━━━━━ Records to process

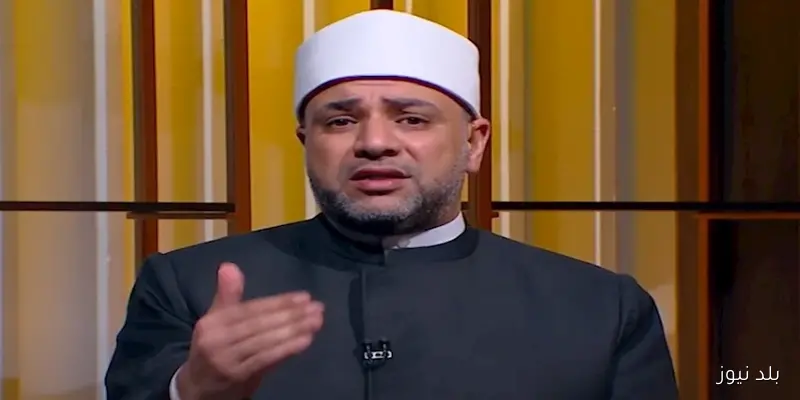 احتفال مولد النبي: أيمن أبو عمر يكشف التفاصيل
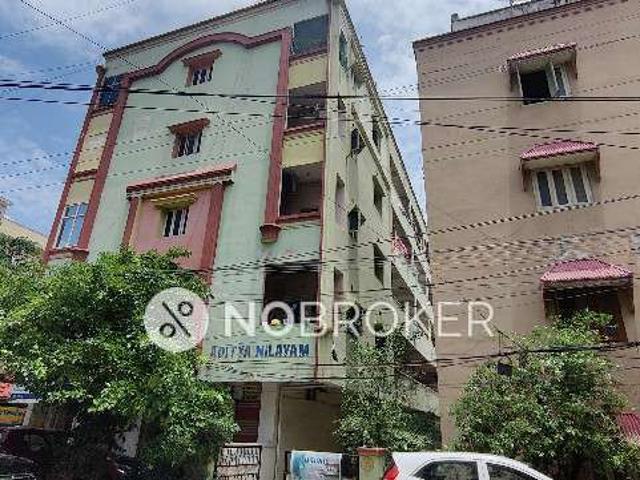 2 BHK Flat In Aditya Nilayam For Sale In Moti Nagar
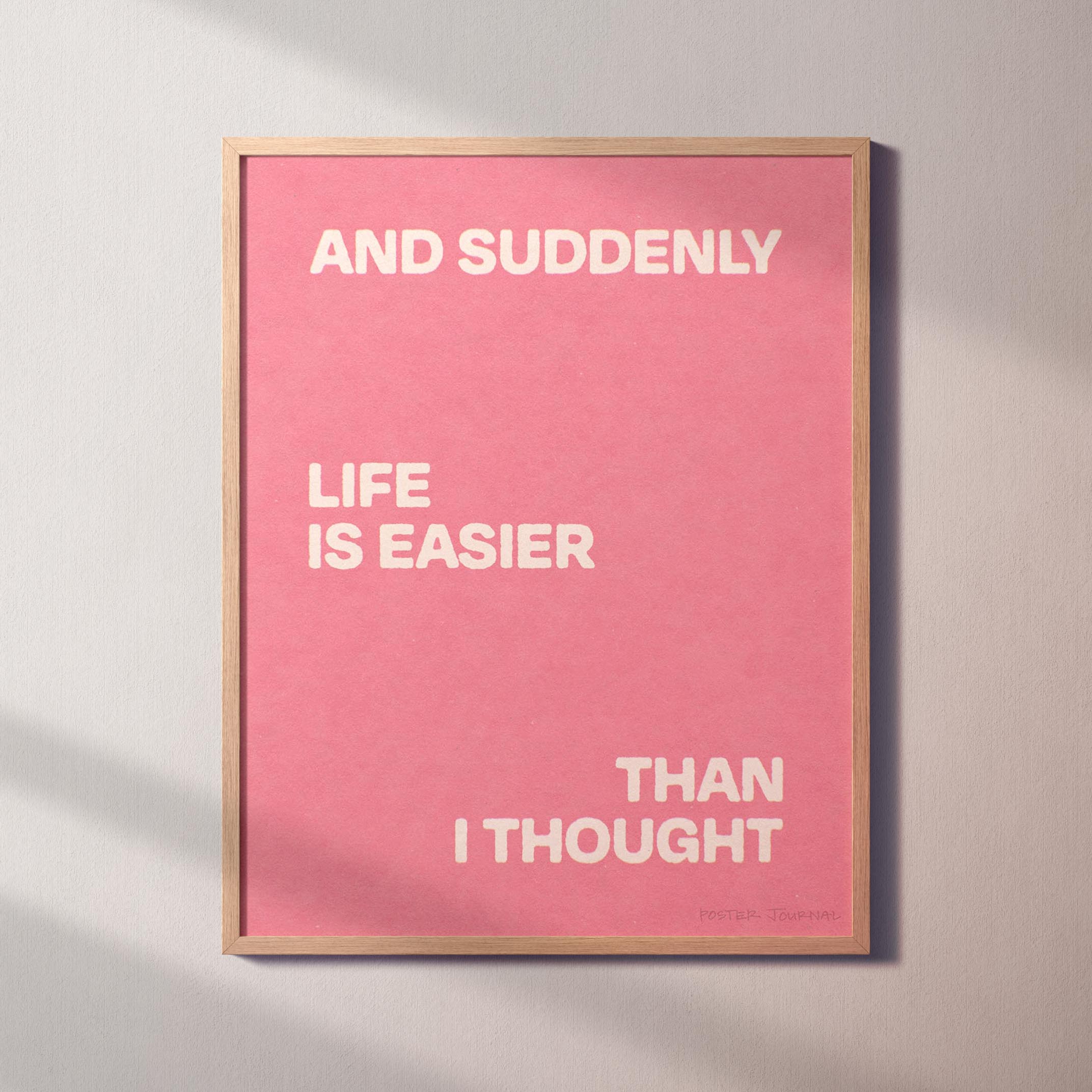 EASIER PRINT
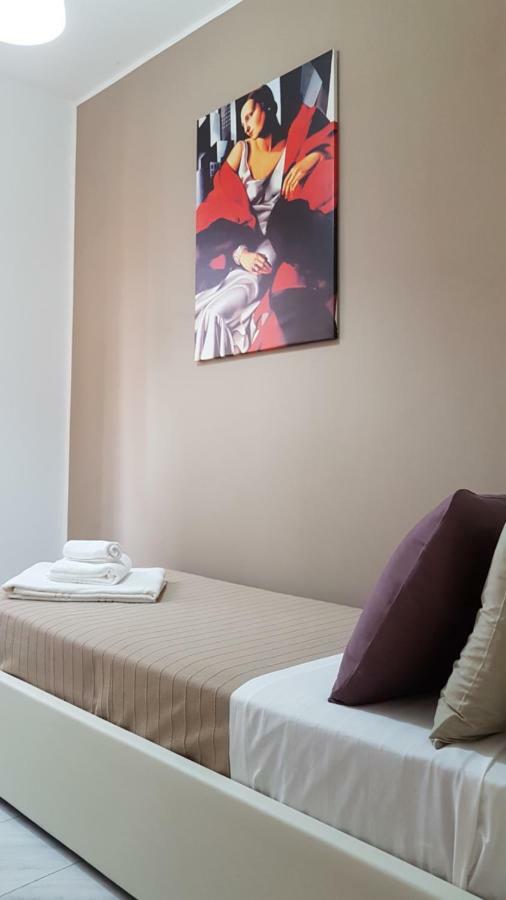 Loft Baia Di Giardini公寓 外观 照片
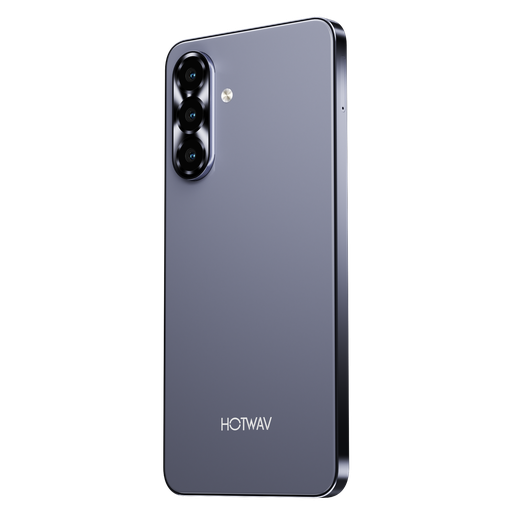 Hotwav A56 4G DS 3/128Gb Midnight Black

━━━━━━━━━━
━━━━━ Records to process

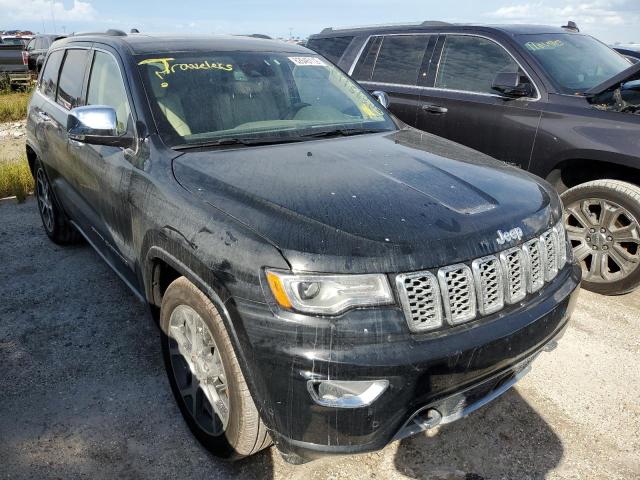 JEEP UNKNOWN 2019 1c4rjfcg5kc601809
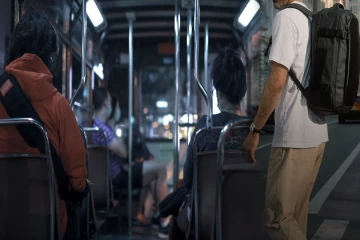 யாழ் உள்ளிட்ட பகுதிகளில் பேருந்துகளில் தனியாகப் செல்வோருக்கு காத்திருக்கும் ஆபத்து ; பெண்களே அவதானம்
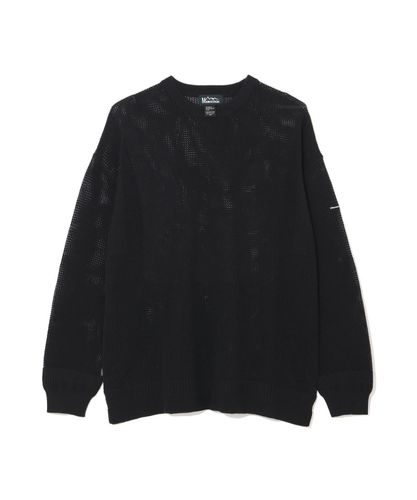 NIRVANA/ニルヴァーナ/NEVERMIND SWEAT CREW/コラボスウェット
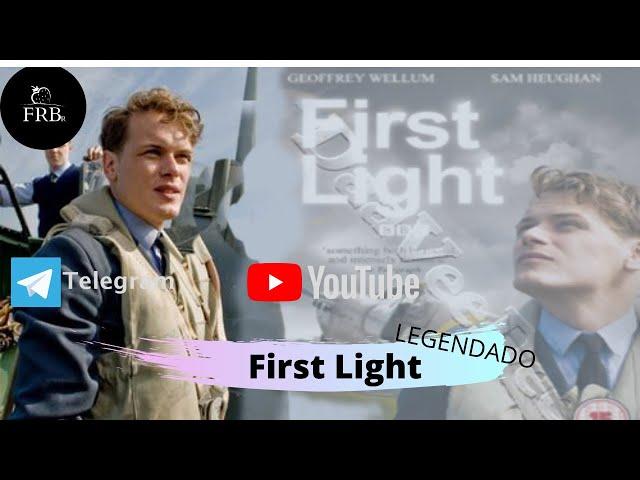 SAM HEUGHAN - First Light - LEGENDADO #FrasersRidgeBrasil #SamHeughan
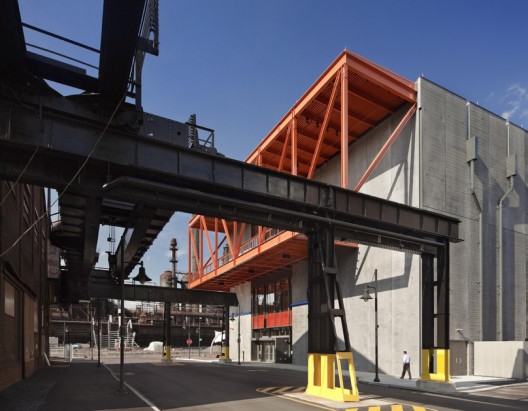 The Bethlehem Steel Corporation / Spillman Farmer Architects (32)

━━━━━━━━━━
━━━━━ Records to process

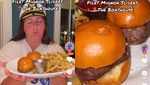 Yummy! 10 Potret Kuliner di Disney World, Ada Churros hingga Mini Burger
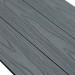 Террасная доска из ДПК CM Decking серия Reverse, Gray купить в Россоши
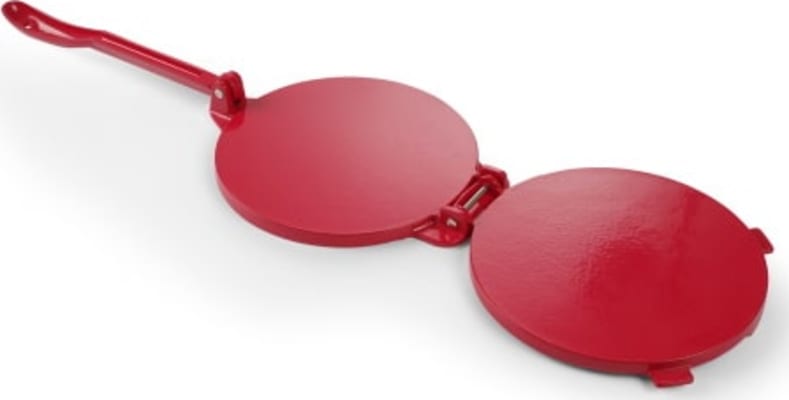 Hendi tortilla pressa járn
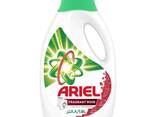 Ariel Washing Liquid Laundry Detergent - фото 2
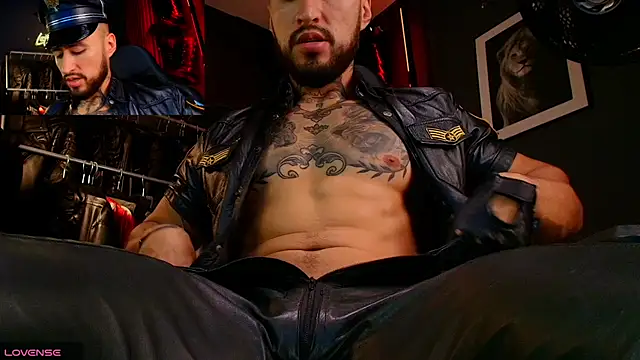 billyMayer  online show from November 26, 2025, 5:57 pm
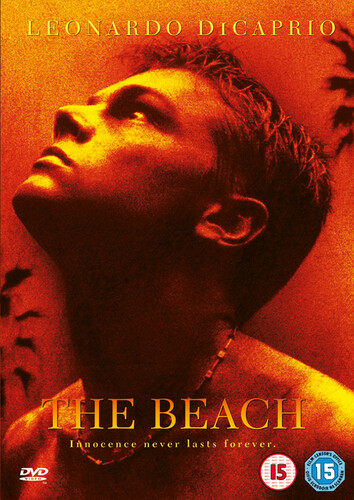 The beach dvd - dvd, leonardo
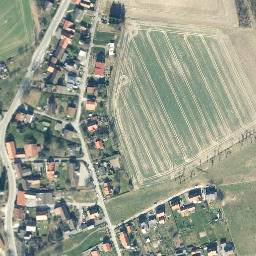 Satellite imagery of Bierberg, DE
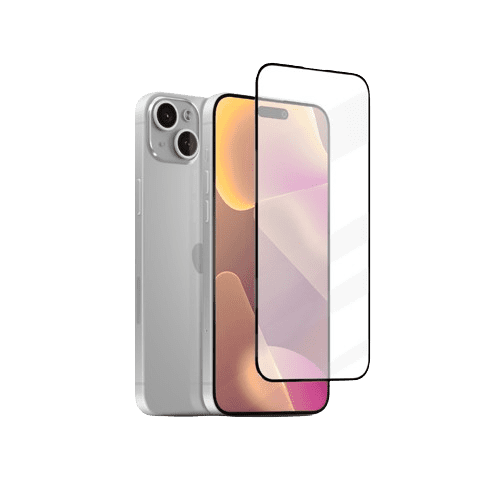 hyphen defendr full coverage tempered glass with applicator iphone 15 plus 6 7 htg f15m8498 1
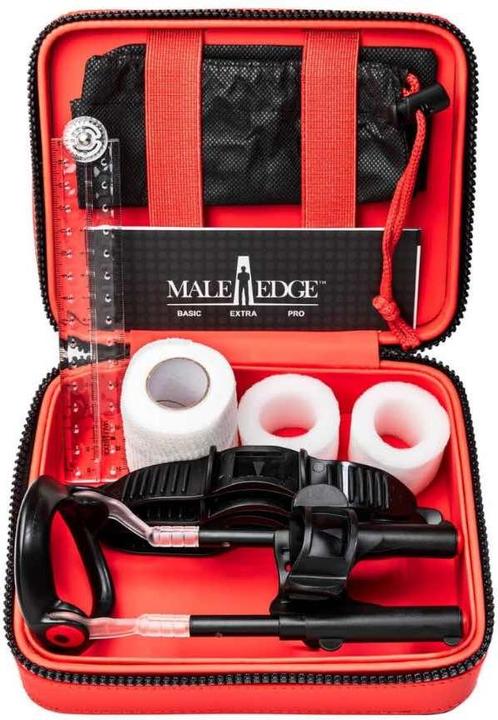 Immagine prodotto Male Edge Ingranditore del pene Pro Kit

━━━━━━━━━━

* [Problem requirements]
Pictures do not belong in the answer. Return the lines above starting at the one with "Yummy! 10 Potret" and ending at the one with "Immagine prodotto Male", both kept, exactly.

* [Answer space]
 Yummy! 10 Potret Kuliner di Disney World, Ada Churros hingga Mini Burger
 Террасная доска из ДПК CM Decking серия Reverse, Gray купить в Россоши
 Hendi tortilla pressa járn
 Ariel Washing Liquid Laundry Detergent - фото 2
 billyMayer  online show from November 26, 2025, 5:57 pm
 The beach dvd - dvd, leonardo
 Satellite imagery of Bierberg, DE
 hyphen defendr full coverage tempered glass with applicator iphone 15 plus 6 7 htg f15m8498 1
 Immagine prodotto Male Edge Ingranditore del pene Pro Kit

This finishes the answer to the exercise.